You might find this video helpful:
[https://www.youtube.com/watch?v=us2F8wAncw8](https://www.youtube.com/watch?v=us2F8wAncw8)

I think his design is very interesting, showing how to mix custom peripherals
with picosoc so you can get very good response but also be able to program in
C.

------
kpmcc
For people who are curious about FPGAs looking to dip their toes in, I’d
highly recommend taking a look at cocotb
[https://github.com/cocotb/cocotb](https://github.com/cocotb/cocotb)

It’s kind of similar to verilator, in that it lets you write test benches for
your designs in programming languages as opposed to HDL. Whereas verilator
lets you write c++, cocotb is python based.

Both of these are probably best to take up after spending some time with an
hdl, so you learn to think from a hardware perspective.

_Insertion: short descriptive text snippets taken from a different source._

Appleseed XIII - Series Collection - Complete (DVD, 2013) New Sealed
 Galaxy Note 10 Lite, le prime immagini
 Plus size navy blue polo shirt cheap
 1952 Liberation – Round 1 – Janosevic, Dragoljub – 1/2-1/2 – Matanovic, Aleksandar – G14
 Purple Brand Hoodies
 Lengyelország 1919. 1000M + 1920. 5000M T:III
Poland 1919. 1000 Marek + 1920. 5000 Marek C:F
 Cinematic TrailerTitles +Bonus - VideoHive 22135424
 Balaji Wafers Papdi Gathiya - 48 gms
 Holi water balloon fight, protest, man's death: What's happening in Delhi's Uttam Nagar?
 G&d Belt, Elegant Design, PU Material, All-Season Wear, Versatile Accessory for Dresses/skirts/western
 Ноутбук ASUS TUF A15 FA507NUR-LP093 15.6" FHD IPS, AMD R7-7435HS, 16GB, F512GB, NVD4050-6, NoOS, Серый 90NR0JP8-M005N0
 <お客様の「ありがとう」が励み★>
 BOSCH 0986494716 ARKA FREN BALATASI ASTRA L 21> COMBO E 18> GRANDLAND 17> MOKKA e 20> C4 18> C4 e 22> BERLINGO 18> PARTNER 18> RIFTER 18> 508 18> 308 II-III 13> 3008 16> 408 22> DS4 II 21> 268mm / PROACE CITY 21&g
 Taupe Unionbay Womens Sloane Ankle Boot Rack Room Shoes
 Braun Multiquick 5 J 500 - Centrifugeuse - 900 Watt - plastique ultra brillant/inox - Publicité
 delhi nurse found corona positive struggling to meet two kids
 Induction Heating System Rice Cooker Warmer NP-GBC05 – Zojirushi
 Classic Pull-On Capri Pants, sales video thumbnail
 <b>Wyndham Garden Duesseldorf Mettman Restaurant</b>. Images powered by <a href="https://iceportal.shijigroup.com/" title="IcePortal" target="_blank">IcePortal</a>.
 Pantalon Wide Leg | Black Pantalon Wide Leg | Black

Also check out the zipcpu blog

------
diarmuidc
That's a good intro. What I always have to remind software guys who switch to
FPGA design is remember each line you write is eventually going to end up in
hardware.

That means when you write something you should have some understanding of the
underlying hardware inferred. So is this going to give me some combinatorial
logic, a register or a RAM? It's very easy to keep the software mindset of if
it compiles then it's good.

------
vvanders
Great article, I wish the discussions around clocks had gone a bit more into
how the tradeoff of pipelining vs longest operation ends up impacting designs.
That and SRAM vs DRAM access latencies were the things that really connected
the dots from how performance optimization on the software side of things is
rooted in physical hardware limitations.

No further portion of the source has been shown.